Section 42C. (a) There shall be an advisory committee to the board. The committee shall consist of the commissioner of public health or a designee and 7 members who shall be appointed by the commissioner: 1 of whom shall be an expert in chapter 71 of the USP; 1 of whom shall be an expert in chapter 795 of the USP; 1 of whom shall be an expert in chapter 797 of the USP; 1 of whom shall be an expert in cGMP for aseptic processing; 1 of whom shall be an expert in pharmacoeconomics; 1 of whom shall be an expert in clinical pharmacology; and 1 of whom shall be a microbiologist.

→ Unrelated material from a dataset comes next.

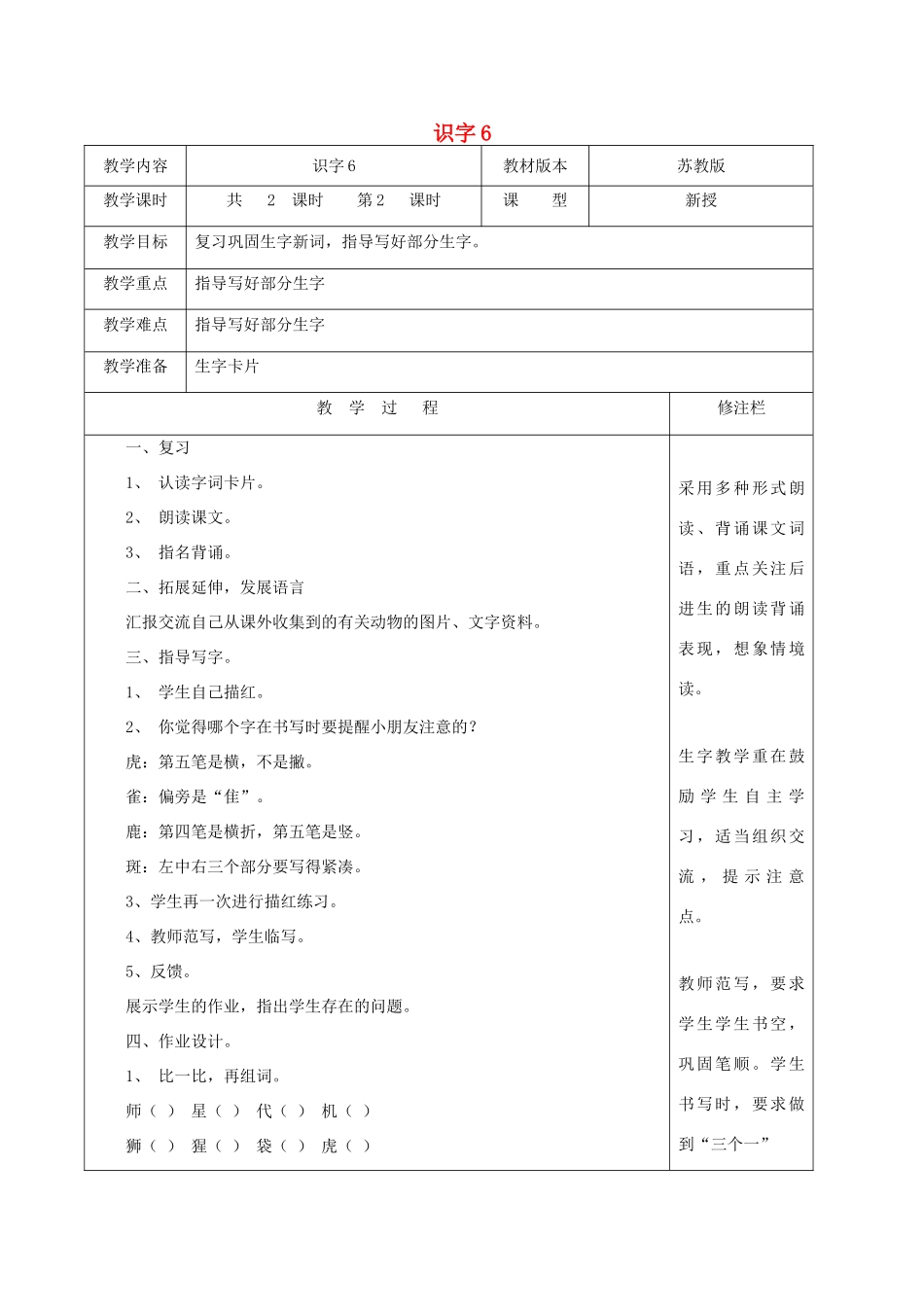 二年级语文下册 识字（二）识字6（2）教案 苏教版-苏教版小学二年级下册语文教案_第1页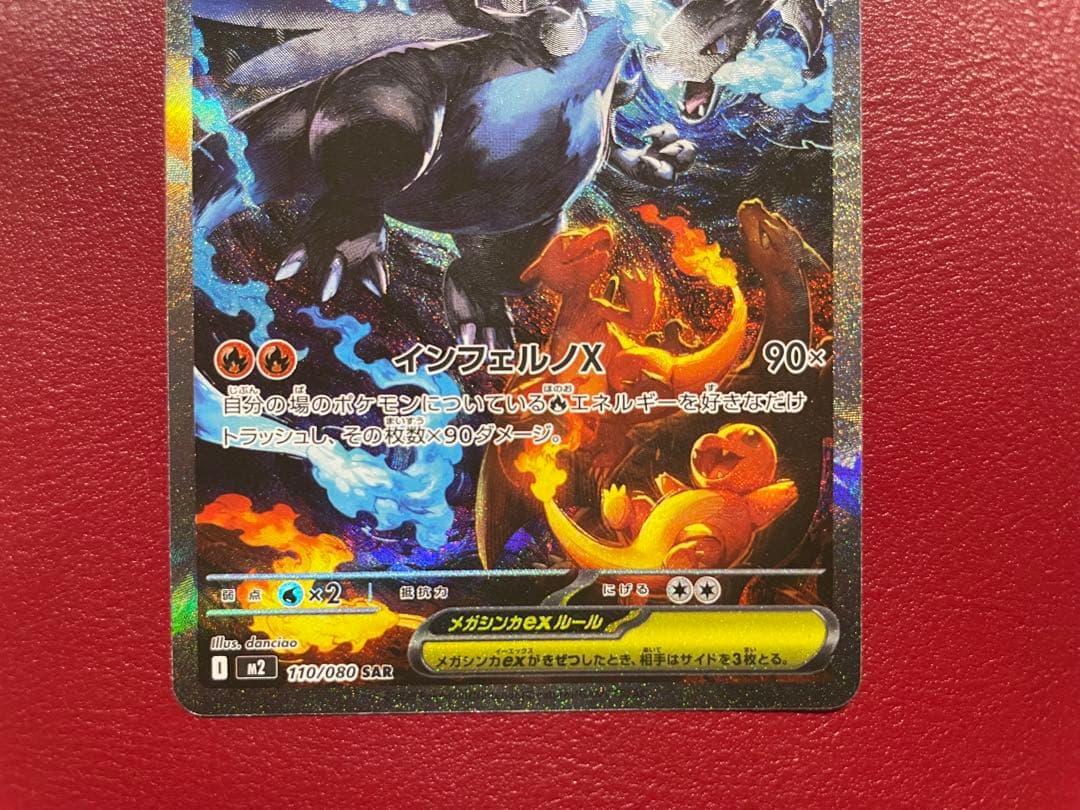 ざ*離様 ポケモンカード メガリザードンX ex SAR 110/080 インフ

At the request of the board, the commissioner may appoint additional members knowledgeable in the fields of pharmaceutical compounding, pharmaceutical manufacturing, pharmacy, medicine or related specialties.
(b) Each member of the advisory committee appointed by the commissioner shall serve for a term of 3 years; provided, however, that additional members shall serve for a term determined by the commissioner not to exceed 3 years. Any person appointed to fill a vacancy on the committee shall serve for only the unexpired term of the member who vacated. Members shall be eligible for reappointment. A member of the committee appointed by the commissioner may be removed by the commissioner for cause. Members of the committee shall serve without compensation and shall be free of any liability incurred by their proposed recommendations to the board. The advisory committee shall meet at least semi-annually but may meet as often as the members or the board shall determine or at such other intervals as established by the commissioner to fulfill its duties. The department shall provide the advisory committee with support services necessary to complete needed research and analysis and enable the committee to make effective recommendations. Any recommendation made by the advisory committee shall be posted on the department of public health's website and a copy shall be transmitted to the clerks of the senate and house of representatives, who shall forward the report to the joint committee on public health and the joint committee on health care financing.
(c) The advisory committee shall evaluate the practice of pharmacy across all settings and recommend to the board any new or revised regulations and policies necessary to improve the delivery of pharmacy services in the commonwealth. The committee shall advise the board: on the establishment of specialty pharmacy licensure categories; on the development of quality assurance, inspection and testing procedures applicable to compounding; on the application of accountability documentation requirements in licensed sterile pharmacies and complex non-sterile pharmacies; the development of regulations to supplement the USP, all chapters; and any other area as requested by the board.
(d) The advisory committee shall evaluate the volume and revenue of drug preparations generated by each licensed sterile compounding complex non-sterile compounding pharmacy and pharmacy in the commonwealth, provided, that any item of information which is confidential or privileged in nature or under any other law shall not be regarded as a public record. Nothing in this section shall authorize the committee to obtain individually identifiable patient information.
(e) The advisory committee shall monitor existing or potential shortages of medically necessary drug products and recommend to the board options available to the commonwealth to mitigate the impact of drug shortages on patients and providers when a sufficient clinical need or a threat to public health and safety exists.